# How to bring two mastheads into one meter can? Gutter?



## Elec Tricks (Nov 17, 2018)

I will be installing a commercial 3 phase 400 amp electric service and I am considering using 2 sets of parralleled 4/0 XHHW instead of 700 kmil XHHW or 500 kmil THHW. To avoid having to derate the 8 conductors in one masthead I want to use two mastheads, but I am not sure how to combine them into the one opening in the Milbank U2594-X 320A 3P OH/UG meter socket. If i put a gutter just above the meter socket and just use it as a pass through for the two mastheads to pass their conductors into the single hub of the meter socket, would some nit picking inspector claim I need to derate the 8 conductors going through a connector and and hub or make me splice each of the two paralleled conductors into the full 400 amp size conductor to feed into the meter socket? arghh 

Its there some other method of doing this?


----------



## micromind (Aug 11, 2007)

You'll need to get the PUCO specs, after it's done, they own it so they dictate the installation. 

Well, around here anyway.


----------



## Elec Tricks (Nov 17, 2018)

Yes, I will run it by the POCO's design engineers. Here the utility owns the service drop to the splice with the service entrance conductor and the property owner has everything from the splice downward.in an overhead service.. But the Utility won't energize the service if they don't like how the service is done.


----------



## mofos be cray (Nov 14, 2016)

Buy a meter which is intended to have two pieces of pipe?


----------



## joe-nwt (Mar 28, 2019)

Many utilities will not allow any access to unmetered conductors. We aren't even allowed an LB here, much less a gutter.


----------



## CMP (Oct 30, 2019)

For a 400A service, use a 400A 3Φ CT cabinet and meter, and install as many masts as you want.
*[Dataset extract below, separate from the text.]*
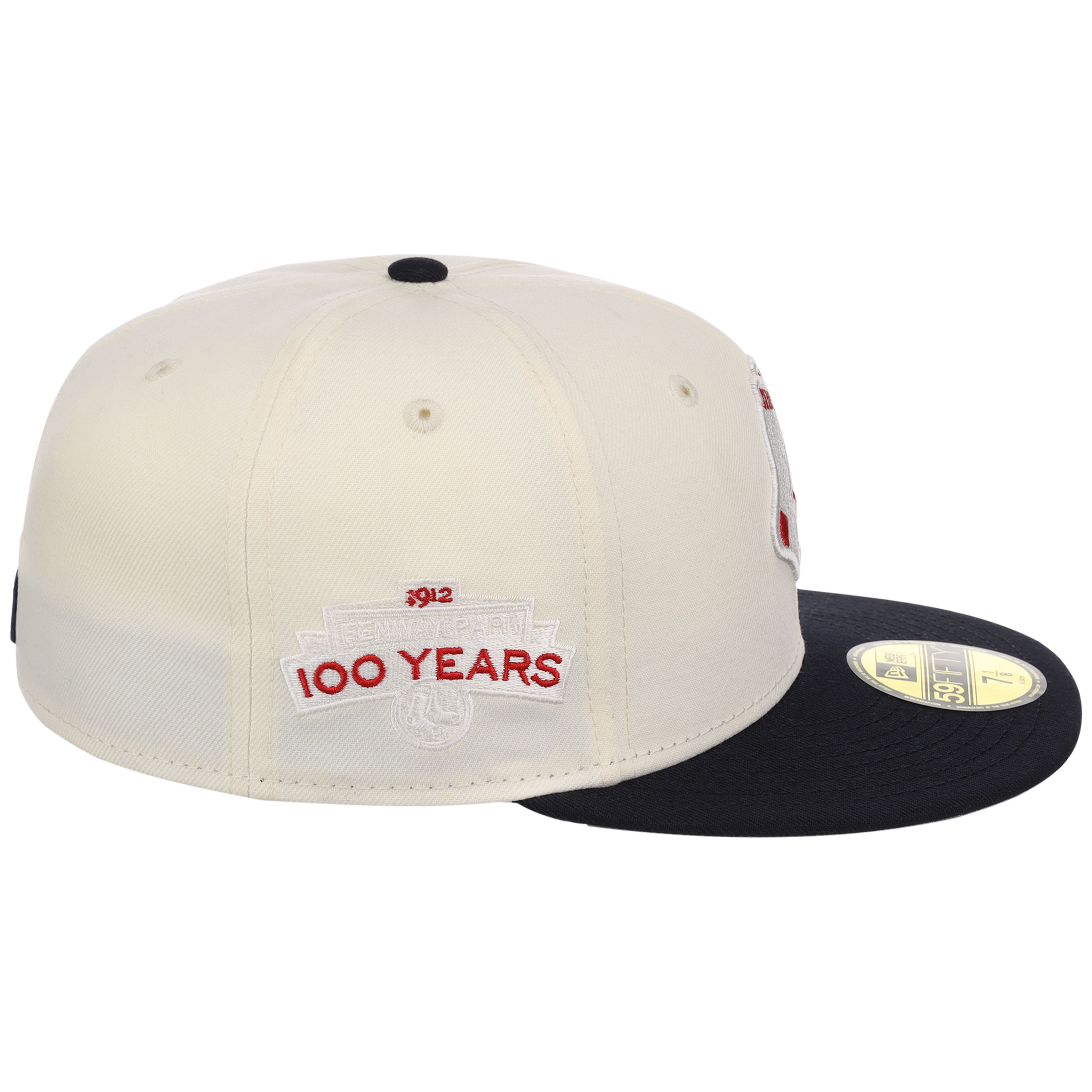 Boston Red Sox MLB Chrome Pop New Era 59FIFTY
Trying to trick 2 masts into a 320A, "thru the meter enclosure" designed for a single conduit entrance, is just not going to fly well.
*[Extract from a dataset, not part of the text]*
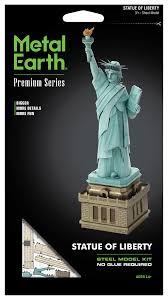METAL EARTH STATUE OF LIBERTY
Or man up and install a mast with 500 Kmil, as it was designed for.

That's likely what your service planner will tell you, they want to see.


----------



## Southeast Power (Jan 18, 2009)

Elec Tricks said:


> I will be installing a commercial 3 phase 400 amp electric service and I am considering using 2 sets of parralleled 4/0 XHHW instead of 700 kmil XHHW or 500 kmil THHW. To avoid having to derate the 8 conductors in one masthead I want to use two mastheads, but I am not sure how to combine them into the one opening in the Milbank U2594-X 320A 3P OH/UG meter socket. If i put a gutter just above the meter socket and just use it as a pass through for the two mastheads to pass their conductors into the single hub of the meter socket, would some nit picking inspector claim I need to derate the 8 conductors going through a connector and and hub or make me splice each of the two paralleled conductors into the full 400 amp size conductor to feed into the meter socket? arghh
> 
> Its there some other method of doing this?
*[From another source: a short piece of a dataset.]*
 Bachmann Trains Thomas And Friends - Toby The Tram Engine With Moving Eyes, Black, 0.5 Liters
Use 8- 300 XHHW AL in 4" conduit. One Hub.


----------



## kb1jb1 (Nov 11, 2017)

I still cannot get it that the utility allows the 320 amp meter for 2 - 200 amp panels. What's next, using 2/0 THHN for a 200 amp commercial service?


----------



## joe-nwt (Mar 28, 2019)

kb1jb1 said:


> I still cannot get it that the utility allows the 320 amp meter for 2 - 200 amp panels. What's next, using 2/0 THHN for a 200 amp commercial service?


I still cannot get it that the utility dictates code.


----------



## SWDweller (Dec 9, 2020)

I went and looked at the product mentioned. It sure does not look like parallel would work for very well. The pic I saw overhead did not look very easy either. 
Where I live cave man electric has a schedule of allowed equipment. Does yours?

As for the weather head area make the tails long enough so they can be brought together easily. 
Place the point of attachment on the conduit closer to the utility line.

You could put a gutter up like you said but that to me is more labor and money for you. Land in the gutter, and then down to the meter socket.


----------



## oldsparky52 (Feb 25, 2020)

...


----------



## oldsparky52 (Feb 25, 2020)

What is the actual calculated load for the building? 

One 400-amp panel or two 200-amp panels?


----------



## Southeast Power (Jan 18, 2009)

kb1jb1 said:


> I still cannot get it that the utility allows the 320 amp meter for 2 - 200 amp panels. What's next, using 2/0 THHN for a 200 amp commercial service?


The meter is rated for 320 continuous load.
We use them all of the time for 400 amp services.


----------



## kb1jb1 (Nov 11, 2017)

Southeast Power said:


> The meter is rated for 320 continuous load.
> We use them all of the time for 400 amp services.


But are you selling a 320 amp service or a 400 amp service? As I said about 2/0, it is rated for 195 amps can we use it for a 200 amp three phase service?


----------



## oldsparky52 (Feb 25, 2020)

kb1jb1 said:


> But are you selling a 320 amp service or a 400 amp service? As I said about 2/0, it is rated for 195 amps can we use it for a 200 amp three phase service?


What is the thought process that allows you to use 2/0 at 90ºC?


----------



## Elec Tricks (Nov 17, 2018)

CMP said:


> Or man up and install a mast with 500 Kmil, as it was designed for.


Yes, sometimes the obvious solution is the best solution. 
Thx for the obvious!


----------



## Elec Tricks (Nov 17, 2018)

oldsparky52 said:


> What is the actual calculated load for the building?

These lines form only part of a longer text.